• **WHAT THE TASK ASKS**:
Leave out the pictures and copy everything else in the records exactly.

*****

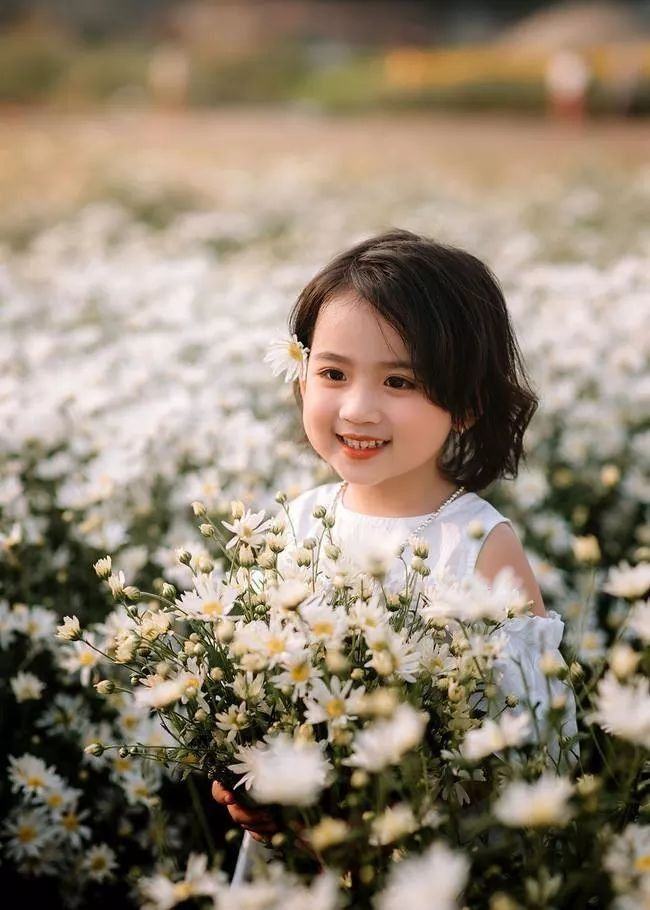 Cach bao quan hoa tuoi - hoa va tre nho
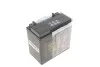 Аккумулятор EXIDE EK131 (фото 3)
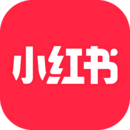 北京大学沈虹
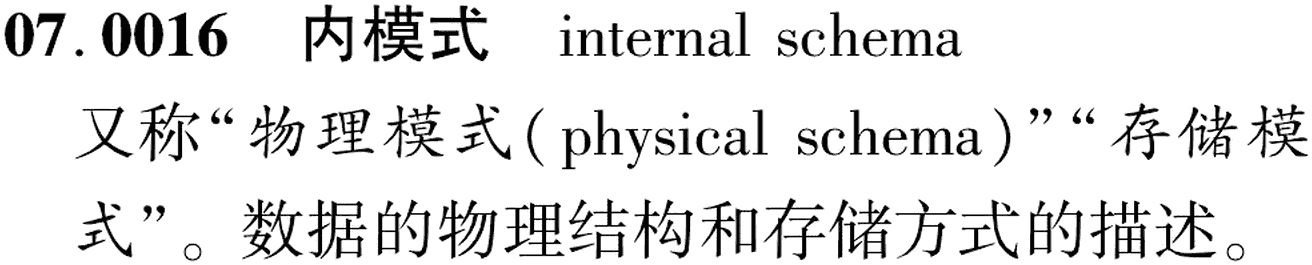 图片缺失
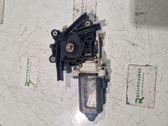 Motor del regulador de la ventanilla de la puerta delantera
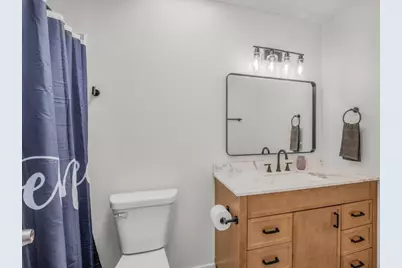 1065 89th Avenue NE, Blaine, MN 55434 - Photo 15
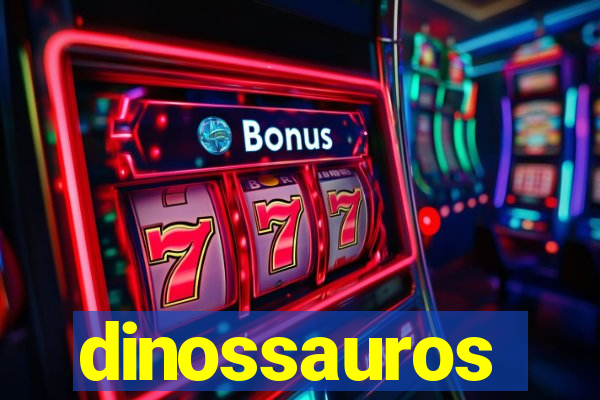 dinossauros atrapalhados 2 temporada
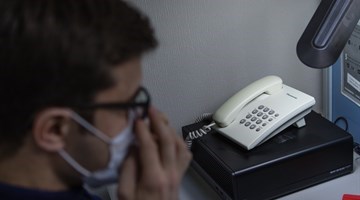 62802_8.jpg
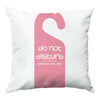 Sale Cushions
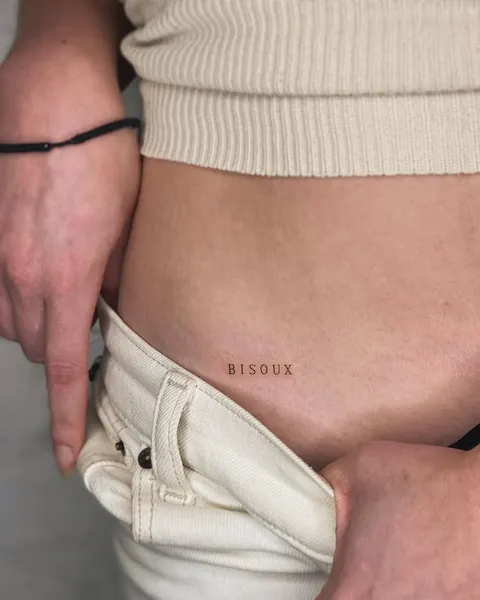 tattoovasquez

*****

• **OUTPUT FOR THIS EXERCISE**:
 Cach bao quan hoa tuoi - hoa va tre nho
 Аккумулятор EXIDE EK131 (фото 3)
 北京大学沈虹
 图片缺失
 Motor del regulador de la ventanilla de la puerta delantera
 1065 89th Avenue NE, Blaine, MN 55434 - Photo 15
 dinossauros atrapalhados 2 temporada
 62802_8.jpg
 Sale Cushions
 tattoovasquez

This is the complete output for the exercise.